Other things to note are the great car selection, with all the latest wave of Japanese imports available, from the award winning Nissan GTR to the refined Mitsubishi Evo X, and of course the series first ever Ferraris. I also have to mention how useless the AI is at times. There’s typically a few cars at the front of the 16 strong pack that pose a serious challenge, but I’ve encountered situations where at least half a dozen opponents have misjudged the same corner and resulted in dust flying in so many directions it feels like a sandstorm.
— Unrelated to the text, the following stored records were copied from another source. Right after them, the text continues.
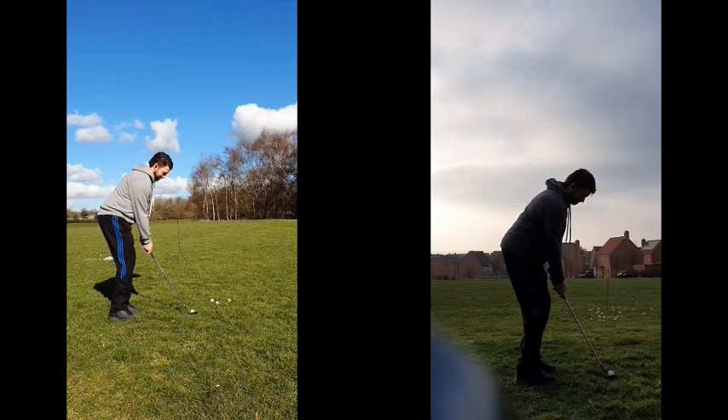Let's have a look at his old technique on the left here first. You'd probably look at that and think that looks absolutely sound. But let's delve into it a little bit deeper — we can see that his feet are pretty square onto the target, and we've got quite a bit of angle between the club shaft and his forearms as well.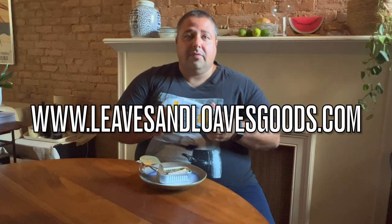We've got this and much, much more in our shop. Click the link below and take a look — explore the world of tin fish that we have to offer. That's www.leavesandloavesgoods.com. I promise you, you will not be sorry. Place your order today and get yourself a tin of this and much, much more. Thanks guys.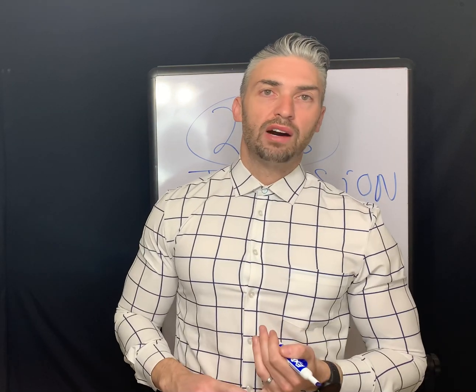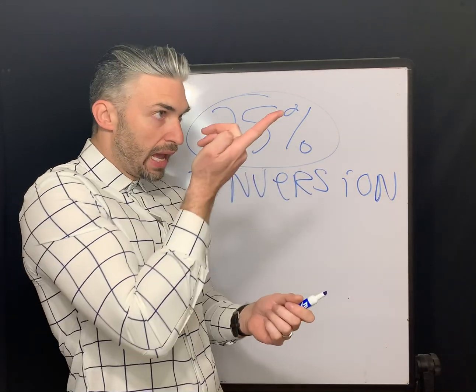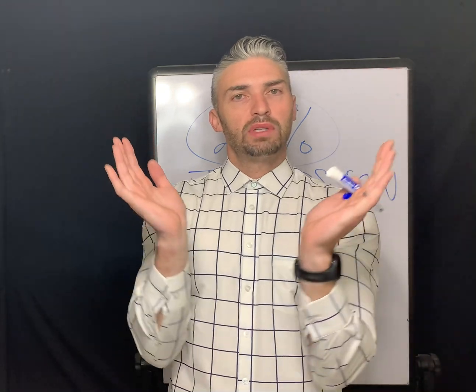The next way to check for inversion is examining the edge profile. You set the lens on your index finger, look at it from eye level, and what you're looking for is to confirm that the edge is not turned out — that it goes inward, shaped like a bowl.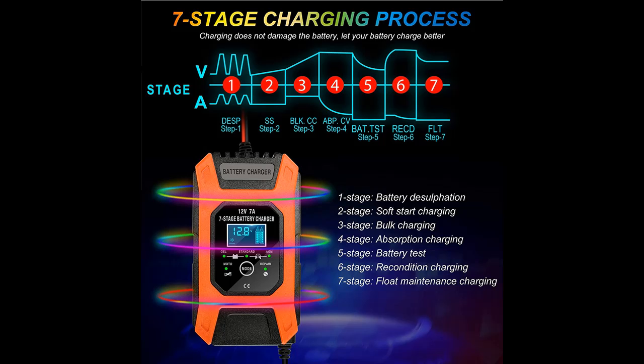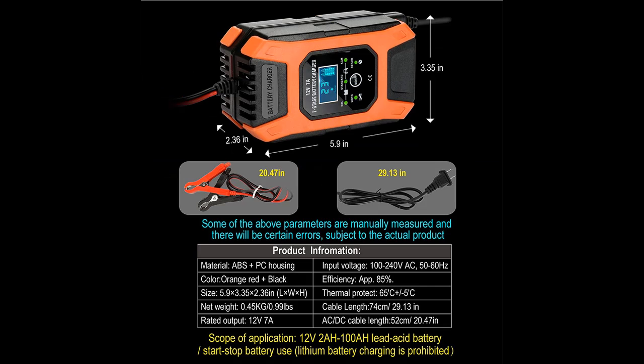The car battery charger is built with strong pulse repair technology to reverse the damaging effects when batteries are left uncharged for extended periods, to improve battery performance and longevity.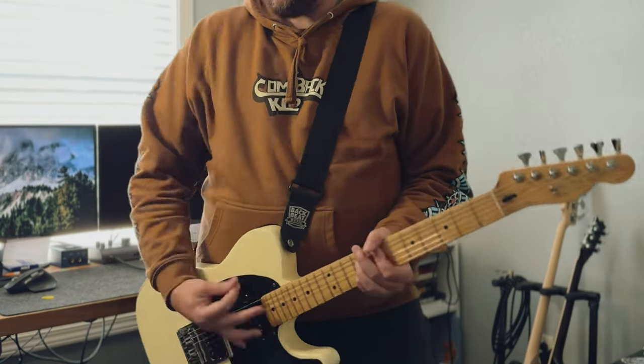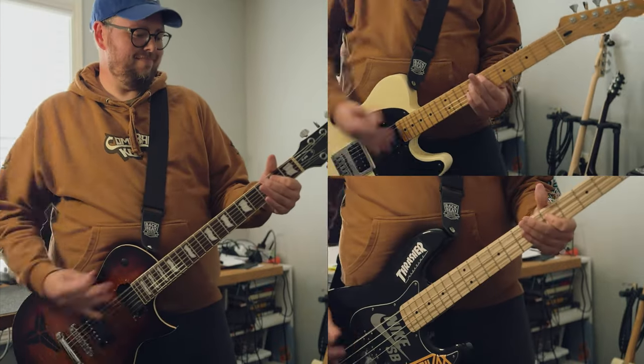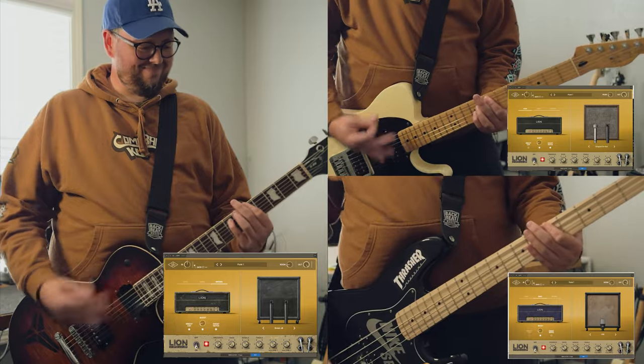I'm sure you've all seen them. Universal Audio dropped three plugins based off of three of their more popular amp sim pedals, and we're going to talk about it. One day last week I was scrolling through YouTube and I found this video from Fluff, Ryan Bruce, and it is for this new plugin for the Universal Audio Ruby.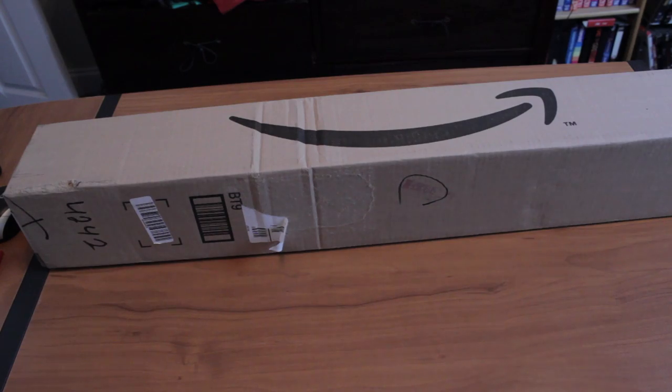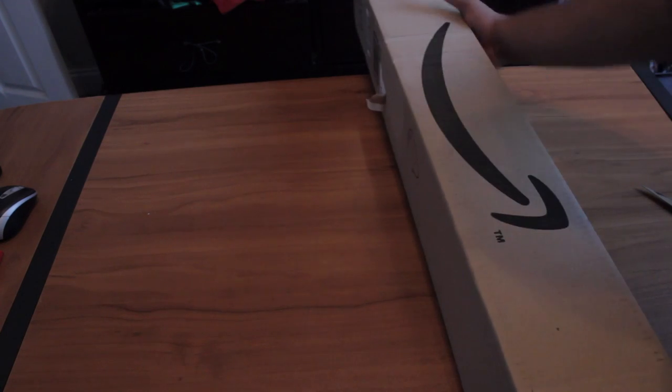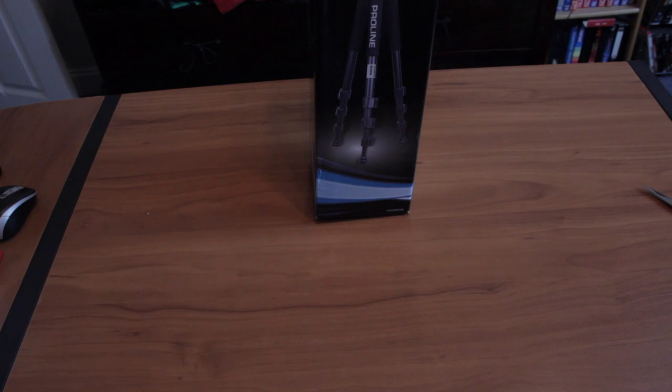Here we go with another unboxing — as you can see, it's from Amazon. It's a tripod from Delica and it has a ball head.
It’s like playing online.
Despite the craziness, I’m glad I purchased it and it’s nice to see what modern technology can do with a classic franchise. I’ve yet to take it online proper, so expect a final update to appear below this text soonish.
Thursday, 27 March 2008
I felt no atmosphere. This could be blamed on the repetitive environments, or maybe the generic appearance of the aliens, or the terribly dull soundtrack, or the dry story, or the lack of any particular stand out missions. It lacks the humour, the spine chilling score and the random moments of hilarious havoc of 'Halo'. It lacks the creativity, suspense, mood and exceptional level design of 'BioShock'. It shows no signs of the vastness, believability and sheer immersion of 'Half-Life 2'. It’s a shooter as generic as they come. Is there any reason to play it at all? I guess some of the weapons are interesting, like a rifle that shoots through walls forcing you to constantly dodge bullets, even when in another room from the action. There’s also a moment when a giant mechanical mole machine blasts through one wall and into the next right in front of your nose. That was pretty cool I guess, but it’s almost halfway through the game and proberbly isn't worth the effort.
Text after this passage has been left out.